コンビニの横にある駐輪場に自転車を止め、表に廻って店内に入る。さっきまで書籍コーナーに居たココノツキカの姿が無い。
消えた?
コンビニの外に出て、車道の左右を見渡すと、ミニバイクに乗る青の半袖の男性が、赤信号で停車している。
私が店舗脇の駐輪場に自転車を止めている間に、彼は入れ違いに店を出て正面の駐車場に止めてあったミニバイクに乗ったようだ。自転車に跨り、ミニバイクを追いかける。信号が青になると、近付いていたミニバイクが走り去って行く。ミニバイクの制限時速は三十キロだ。自転車でも、ついて行けないことはない。

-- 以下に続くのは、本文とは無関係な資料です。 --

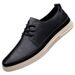 Round Head Light Mouth Low-top Casual Men's Shoes Cowhide Business Dress Casual Leather Shoes British Solid Color Board Shoes_vogvips.com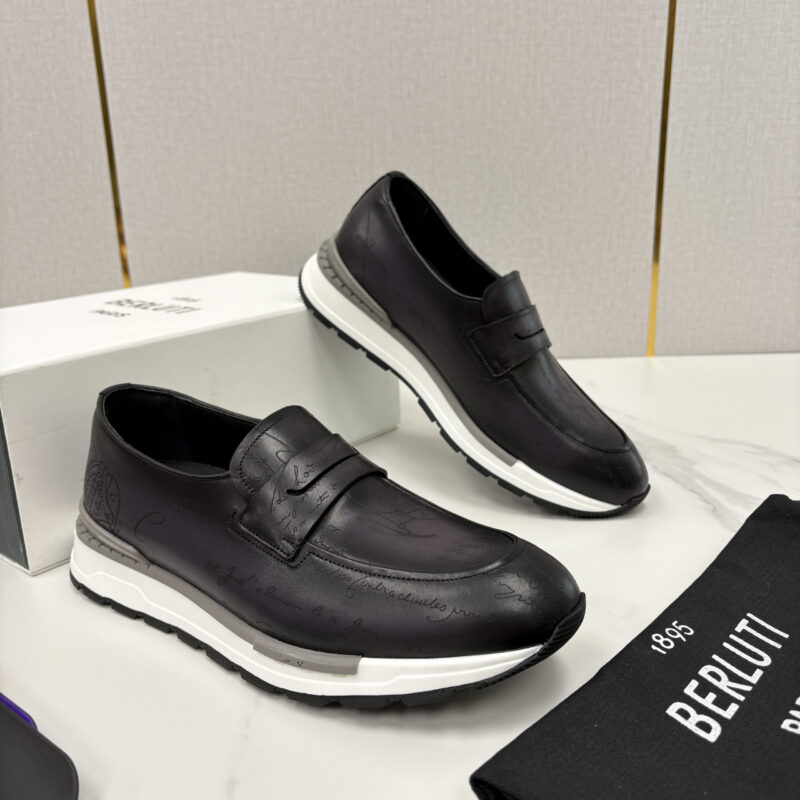 BERLUTI Fast Track走秀皮革运动鞋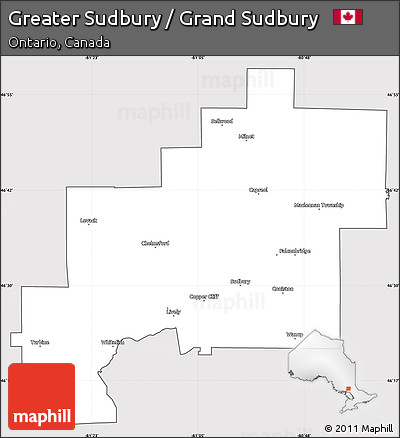 Silver Style Simple Map of Greater Sudbury / Grand Sudbury, cropped outside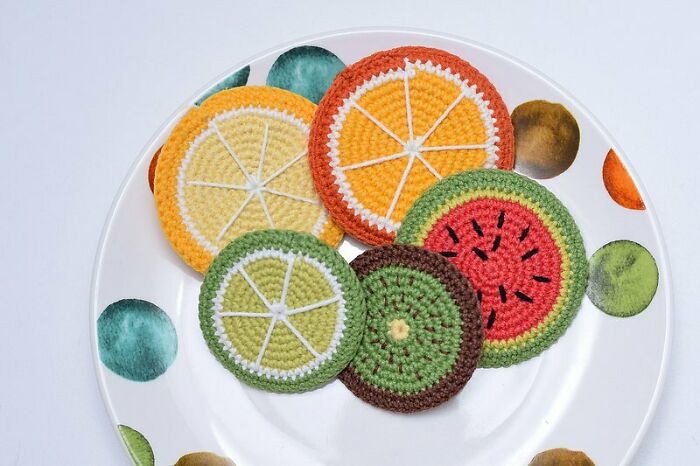 Crochet Fruit Slices For Kitchen Decor - It Was My Gift To My Sister For Housewarming Party!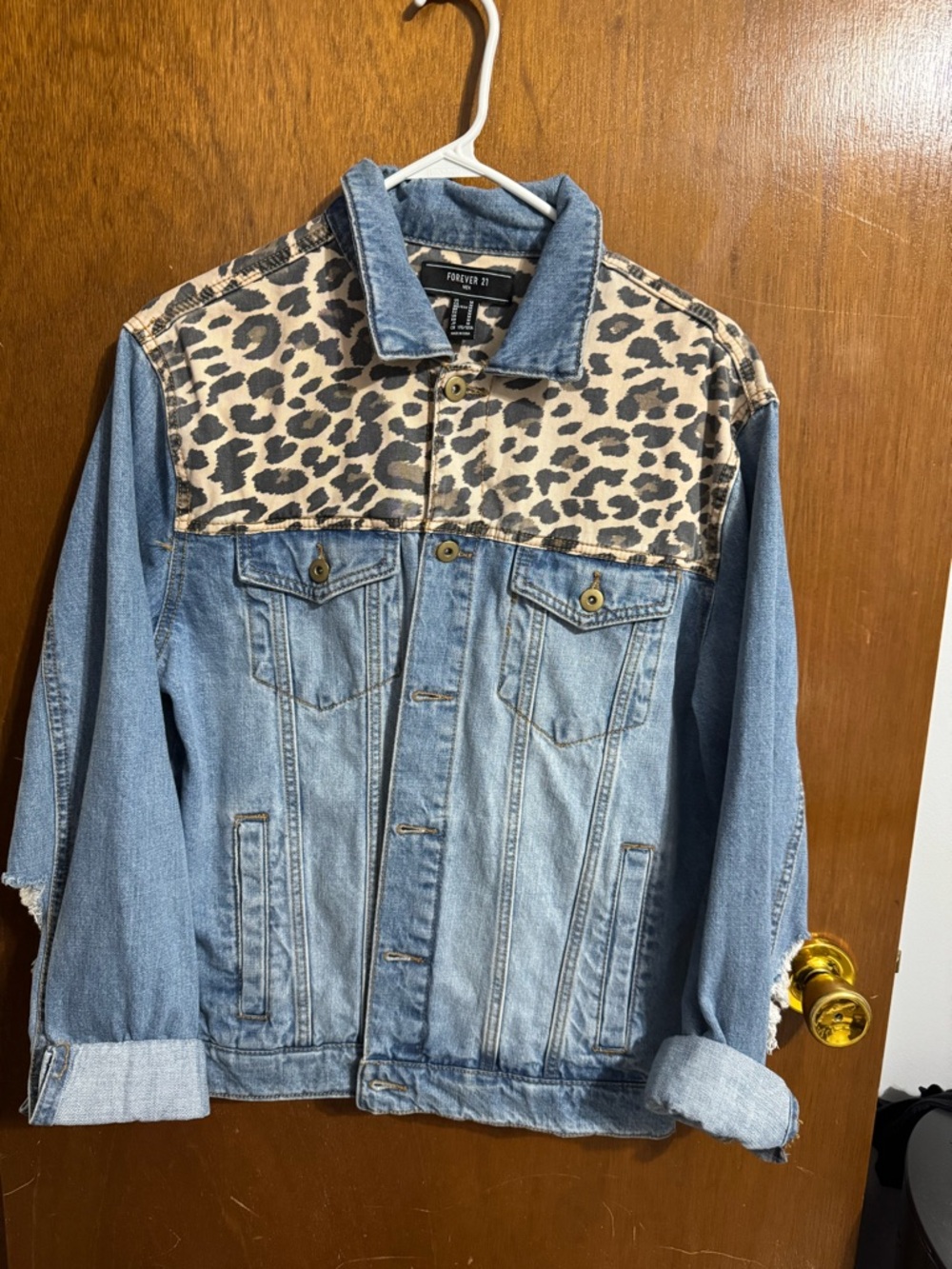 Forever 21 Blue Denim Jacket with Leopard Yoke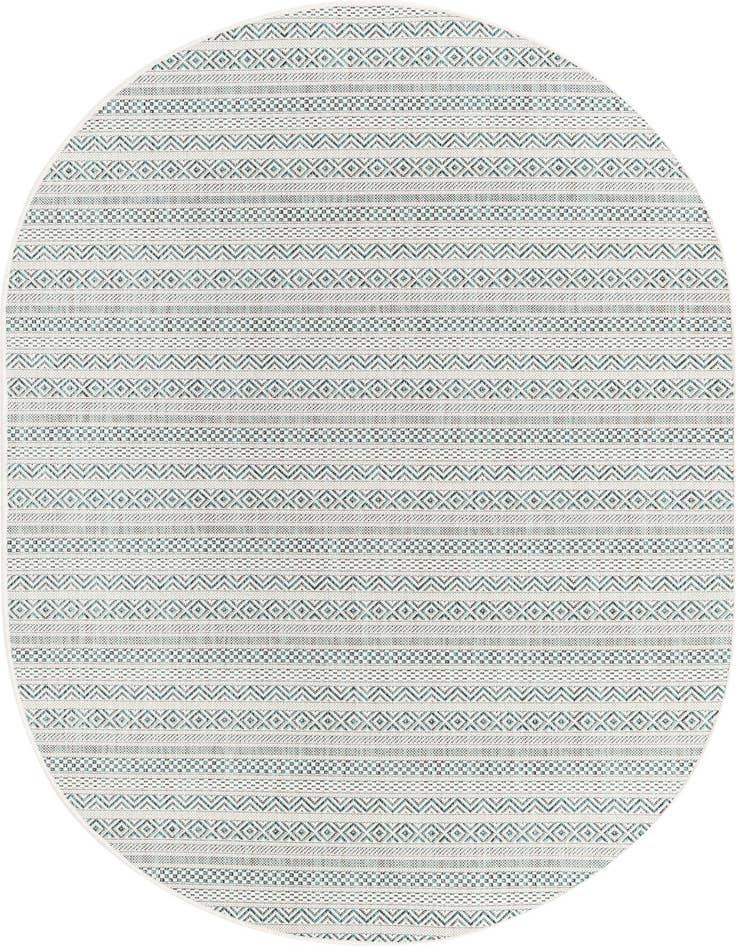 Detail image of 5' 3 x 8' Easy-Clean Ribbon Indoor / Outdoor Oval Rug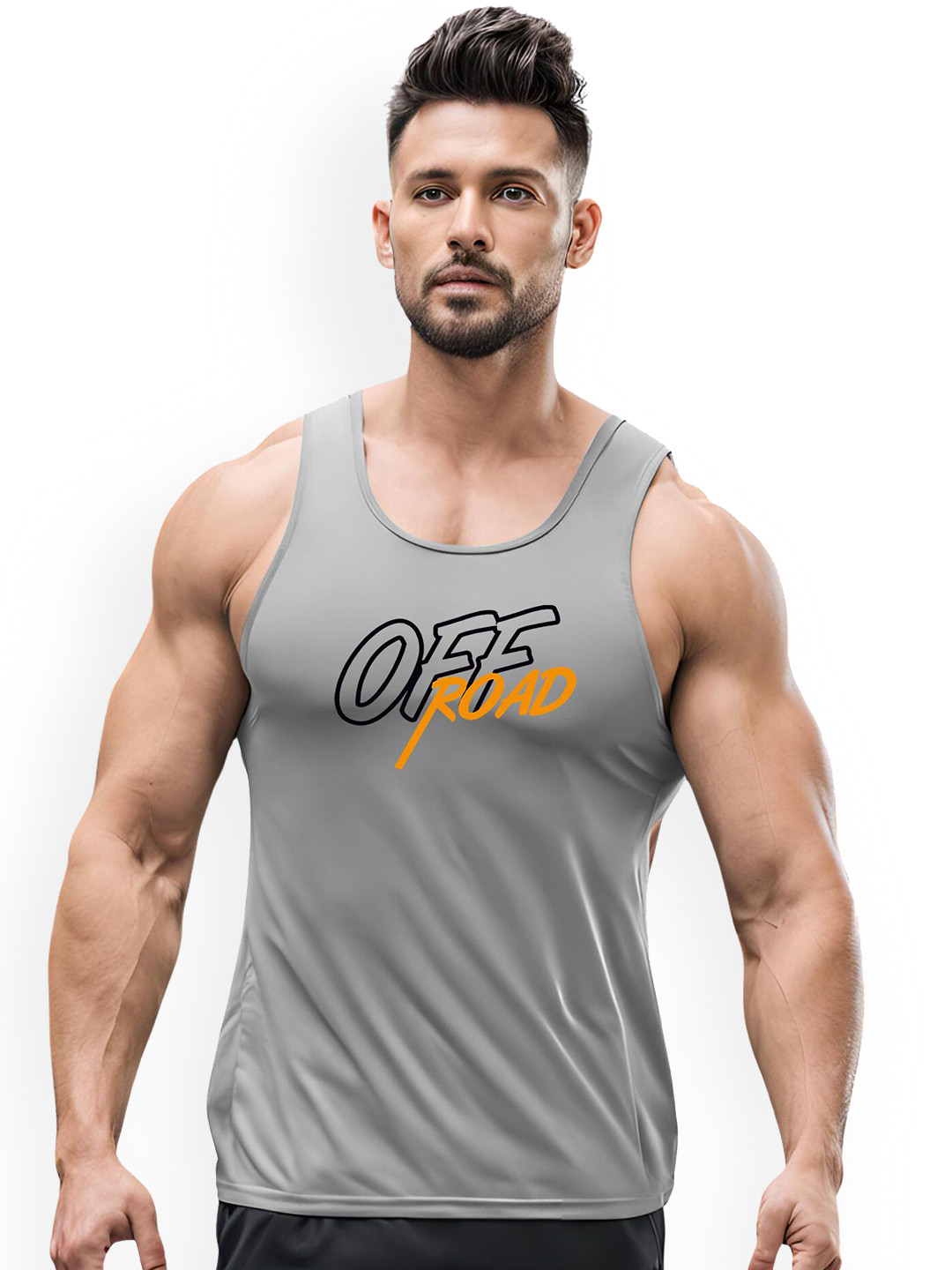 3Colors Printed Dri-Fit Athleisure Wear Gym Innerwear Vest VEST-N CUT-OFFROAD-GREY_M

追跡しながら考えた。ココノツキカという人物は存在しない。何者なのだろう。あやかし山には、鍾乳洞を抜けると、隠里世――カクリヨと読む隠里がある。祭りの前後に、鬼火が見えるのは、亡者が幽界から現世に現れるからだという。現世には存在しないココノツキカ。ツキカの正体は隠里世の亡者かもしれない。

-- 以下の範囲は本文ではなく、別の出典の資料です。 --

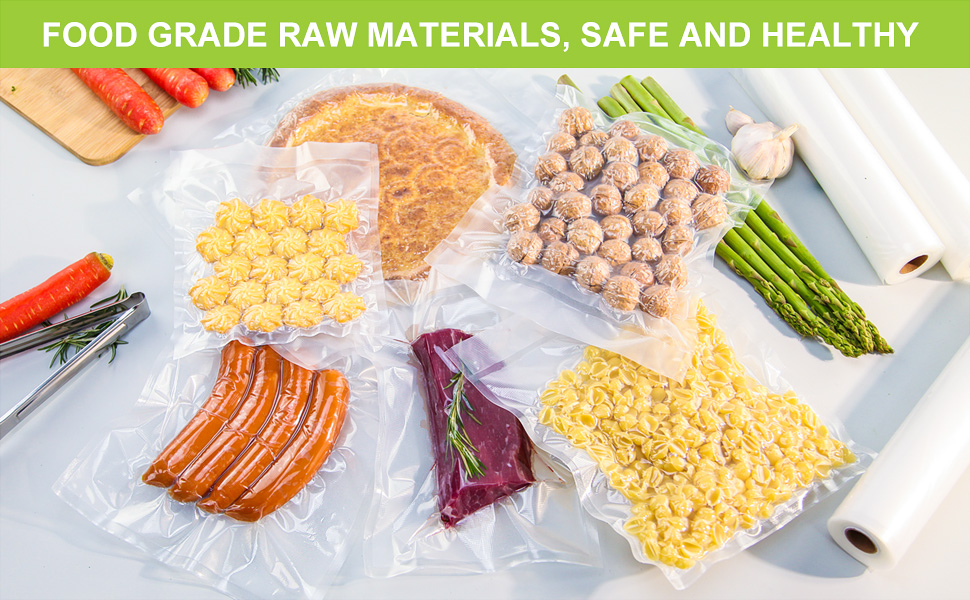 Vacuum bags containing a variety of different foodstuffs, all in a vacuum-sealed state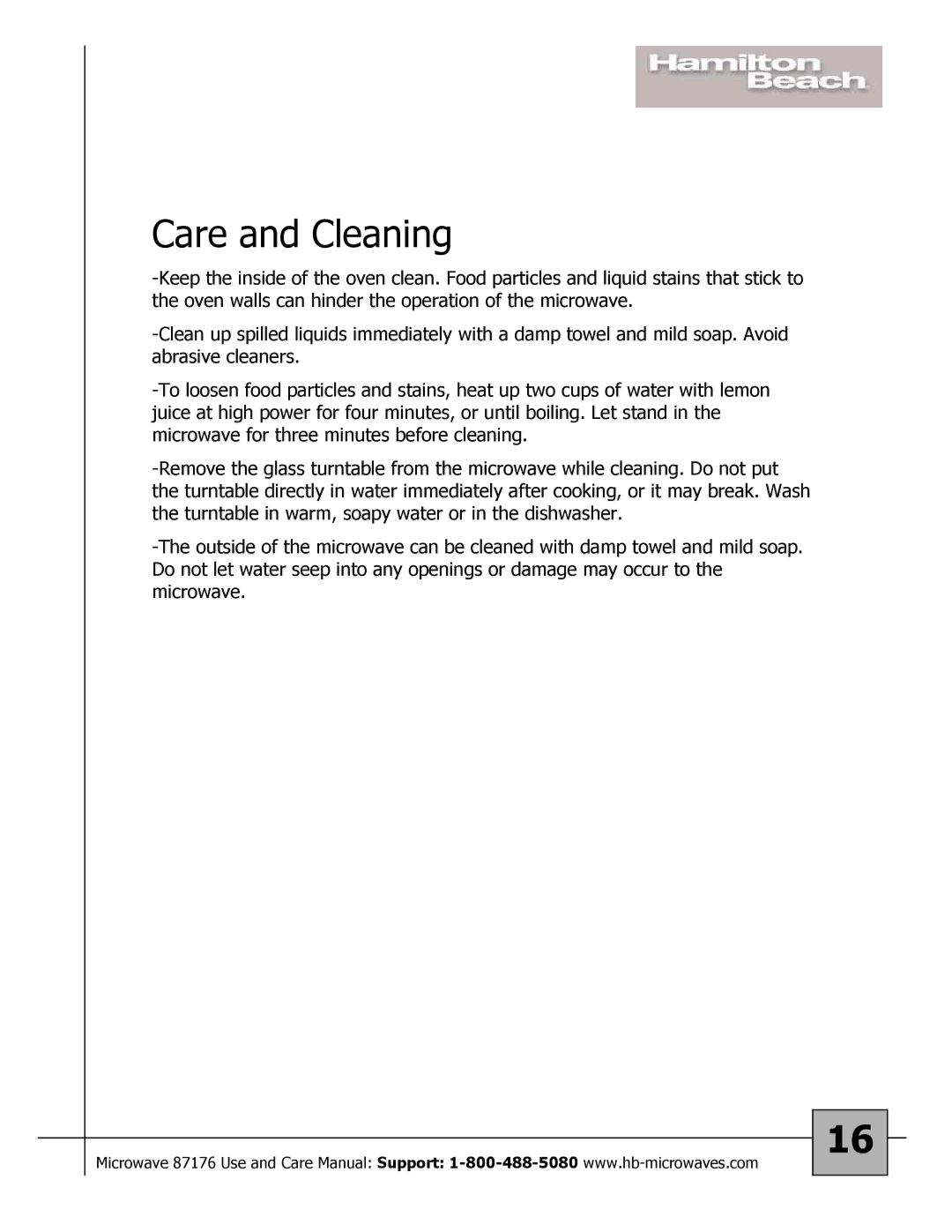 Hamilton Beach 87176 owner manual Care and Cleaning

やがて、ミニバイクは星宮神社に到着した。ココノツキカは、ミニバイクを境内に乗り入れて行く。私は、一分の差で、鳥居の前に辿り着いた。境内には石灯篭が燈っていて、本殿がライトアップされている。しかし境内を見渡しても、ココノツキカどころか、ミニバイクの姿も見えない。ココノツキカは消えた。隠された里に帰郷したの?
「隠里世って、此処の事?」
今、自分は何て言っただろう。
「此処の…ココノ…」
そうか、私は「ココノツキカ」を本名だと勘違いし、月歌に月の字があるから、
ルナという愛称だと思い込んでいた。でも、それは勘違いだった。ココノとは、ここの場所という意味。此処の神社の、という意味だ。星宮神社の神主は「星宮」さんだ。彼の本当の苗字は、「星宮」なのだ。

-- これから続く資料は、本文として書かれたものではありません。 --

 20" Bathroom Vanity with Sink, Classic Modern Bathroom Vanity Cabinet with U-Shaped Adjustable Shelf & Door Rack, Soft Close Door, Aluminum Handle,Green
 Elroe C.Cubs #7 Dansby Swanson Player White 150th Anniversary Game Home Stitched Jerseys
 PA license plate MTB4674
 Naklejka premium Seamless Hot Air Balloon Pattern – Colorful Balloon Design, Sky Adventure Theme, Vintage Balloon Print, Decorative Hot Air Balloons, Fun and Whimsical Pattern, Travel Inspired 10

境内の奥にある住居の表札には、「星宮」の苗字と、両親の名前の下に「月渚」と印字されている。月歌という名前は印字されていない。
昨日は、web小説の話しの後に、彼のことが知りたくて本名を訊いた。
「お名前を伺ってもよろしいですか」
しかし彼はまだ最前のweb小説サイトの話題が継続中のつもりで、
「ツキカ。夜空の月に歌唱の歌と書くよ」
クリエーターネームを名乗ったのだ。その後、ルナと呼んでほしいと言った。本名はルナであり、そう呼んでという意味だ。
つまり、この表札にある月渚は「ルナ」と読む。
少し緊張していた。呼吸を整えると、呼び鈴を鳴らした。
6
境内の休憩所で、星宮さんは、自動販売機の紅茶を奢ってくれた。
「月歌は、クリエーターネームだよ。本名は星宮月渚。自己紹介の際に、齟齬があった。お互いに気付かなかったんだね」
「てっきり月渚さんは、隠里世から来た異形だと思ってしまいました」
「どうして」
「隠里世の鬼火を目撃したから、祭りの前後に隠里世から現れる亡者は、実在すると思ったんです。そこへ来て、轟さんが、ココノツキカなんて客は知らないって言うから、てっきりココノツキカは、隠里世から現れた異形だと思ったんです」
「そっか。確かにココノツキカは実在しない。だけど、鬼火は実在するよ。君が見た山腹の灯りは、鬼火に間違いない。ただし、亡者の魂ではなく、あれは蛍石の燐光なんだ」「蛍石?」
「フローライトという蛍光石だよ。蛍光石というのは、紫外線を当てると励起して、紫外線より波長の長い光を放つ。様々な蛍光石があるけど、代表的なのがフローライト」「紫外線で光るということは、太陽光で発光するのですね。でも、僕が見たのは日暮れ以降です」
「フローライトの中には、紫外線照射を終えても、蓄光していた光を燐光する石もある」「なるほど。蓄光ですか。昼間に光を蓄えて、日暮れ以降も光るということですね。しかし、それでは、祭りの前後だけ光るという伝承が符合しません。毎日燐光を放つのではありませんか」
「蛍石を御神体とする、鬼火社へ射し込む太陽光の角度が重要なんだ。鬼火社のある、渓谷の岩壁に、太陽光が射すのは、夏の一週間の間だけなんだ。その間に、祭りが行われる」
「…光る社の謎、なかなかです」
「謎じゃないよ。謎だと思うのは、まだ君が引っ越して来て日が浅いから。鬼火社の御神体がフローライトで、それが太陽光で燐光するなんて事実は、地元民には当たり前の事さ」
「そっ…すか」
「ところで、星宮さんは…」
「月渚で良いって」
「月渚先輩は、青空学園の生徒さんなんでしょうか」
「そう、青空学園三年生。君もかい」
「僕は、一年です」
「最近、あやかし温泉に引っ越して来た一年生が居るって聞いたけど、君のことなんだね。もう部活は決まったのかい」
「部活は、前の学校でも、帰宅部でした」
「そっか。あの冊子は、青空学園民俗学研究部が発行したものなんだ」
「え、そうなんですか」
「怪談好きだと聞いたから、冊子を読んでもらって、君の反応を見たかった。冊子は、面白かったかな」
「妖怪の伝承が盛り沢山で、僕の好みでした」
「じゃあ、決まりだね。俺の一存で入部の是非は決められないけど、顧問の遠野先生に入部届け出すのは決まり。楽しい怪談収集に青春の全てを費やそう」
怪談に全霊を注ぎ込む青春。
僕の青春は、ここから始まった。